The post-draft period was also affected. Though there was no cap on how many undrafted free agents a team could sign, none could be paid more than $20,000. In previous years, the maximum allowed was $125,000 (with exceptions for teams that had money remaining in their bonus pool).

Now, with the financial playing field leveled, teams are finding creative ways to lure players from the massive pool of undrafted free agents (the window to sign them opened on Sunday at 9 a.m. on the East Coast).

One particularly intriguing avenue they’ve explored is offering generous packages of money for college players. Such packages are allowed because they are not paid out in actual cash, but in agreements to be paid later.

For example, a team could offer a college junior to pay for the value of his senior year at school. If they wanted to go a step further, they could offer the equivalent value of two years at a high-end graduate school.

Once again, though, that number is only a value and not actual cash.

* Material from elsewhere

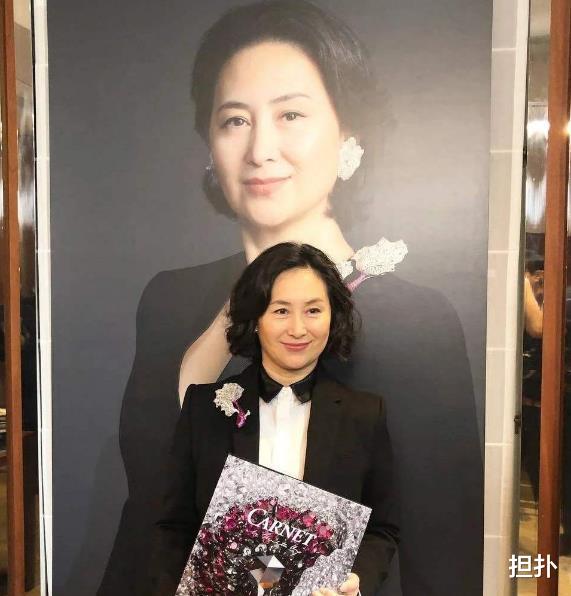 刘嘉玲|刘嘉玲跟何超琼同框对比，才知道什么是戏子，什么是真正豪门千金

So, if the player were a college junior signed out of, say, Tennessee, he could ask for a package that would pay him the value of his senior year at Vanderbilt (a more expensive scholarship elsewhere), and then two more years at graduate school somewhere else.

The key here is that the team isn’t paying the player directly, it pays value out to the school at a later date. 

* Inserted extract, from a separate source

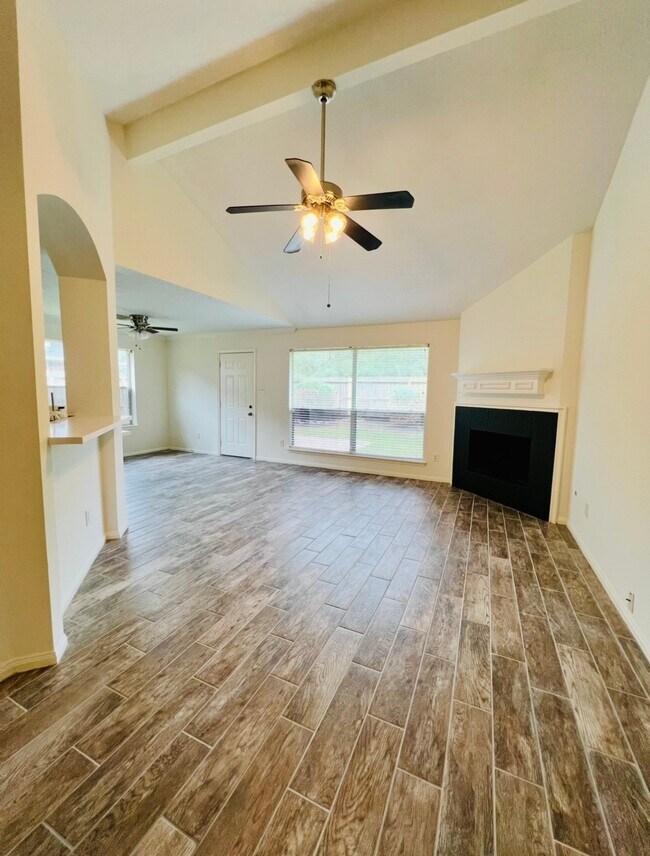 Building Photo - 6010 Forest Plaza Ct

And just because the player receives a package worth the equivalent of a year at a premier graduate school, it doesn’t mean he has to spend it that way.

So, if two years of tuition at grad school somewhere else costs less than what he received, the player can use some of that money for books and other expenses that college students typically incur. That money can go toward housing as well—even though living in an apartment off campus isn’t technically a college expense.

For the money to be usable in that case, a player can take as little as one online course. From there, he submits his lease to the team, which then reimburses him for the cost of housing.

So while the check these players are getting will only be for $20,000, the benefits of signing could be far greater.